Content has been adapted from The Context Network “Get Smart, Stay Smart” Ag Carbon Service.

A tractor passes through a wide, flat field filled with yellow flowers.

Justin Buss plants soybean into corn residue and wild mustard using a no-till planter on his farm in Vincennes, Indiana, on May 13, 2021. Photo by Brandon O’Connor and courtesy of Indiana NRCS.

The short answer: All aspects of crop production that involve keeping the soil covered, minimizing disturbance, and agronomic management can help sequester carbon and reduce emissions.

Dig deeper: Specifically, the eight following practices—when carefully applied and tweaked for each farm’s cropping system and climate—present areas to cut greenhouse gas emissions and improve soil carbon sequestration.

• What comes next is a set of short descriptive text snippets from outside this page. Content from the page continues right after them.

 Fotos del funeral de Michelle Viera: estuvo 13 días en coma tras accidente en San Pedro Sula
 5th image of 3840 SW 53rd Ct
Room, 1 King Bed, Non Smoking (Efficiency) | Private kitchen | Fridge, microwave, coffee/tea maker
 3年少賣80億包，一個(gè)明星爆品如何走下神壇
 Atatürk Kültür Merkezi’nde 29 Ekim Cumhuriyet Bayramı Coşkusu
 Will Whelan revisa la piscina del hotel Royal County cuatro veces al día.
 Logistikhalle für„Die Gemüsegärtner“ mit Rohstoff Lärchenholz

  1. Nutrient management: Changing fertilizer application methods from broadcast to subsurface, reducing rates, and using enhanced efficiency fertilizers. These are all great ways to improve nitrogen use, decrease emissions, and manage carbon sequestration.
  2. Strip cropping: Adding and maintaining strips of perennial cover between rows can help increase soil carbon stocks in the field.
  3. Forage and biomass planting: Converting cropland to continuous grass or legume forage/biomass crops can help sequester carbon and prevent emissions associated with tillage. Plus, there are many grass and legumes cultivars that can be used for pasture, hay, or biomass production.
  4. Cover cropping: Keeping the soil continuously covered in seasons when it might otherwise lay bare is a great means of improving soil quality. Cover crops add root biomass, improving soil quality, sequestering carbon, and providing a nitrogen source to the next season’s crops.
  5. Conservation cover: Perennial vegetation protects the soil from erosion, improves water infiltration, reduces runoff, and builds soil organic matter.
  6. Reduced or no-till: Decreasing tillage causes less disturbance to the soil, leaving carbon sequestered in the topsoil in place.
  7. Perennial grasses: On marginal lands, where cash crops often underperform, a better option might be planting perennial grasses. These grasses reduce soil erosion, restore carbon stocks, provide feedstock for biofuel and bioproducts, and serve as a mitigation strategy to prevent regional climate change.
  8. Technologies: New technology can enable carbon sequestration. Though we can’t get into detail here, see “The Context Network: Global Agriculture Carbon Report” for more information.

No one field—or even one farmer—need apply all of these conservation strategies. Instead, using the strategy that solves problems facing each field, each cropping system, and each farm is a better method for improving soil carbon and reducing emissions.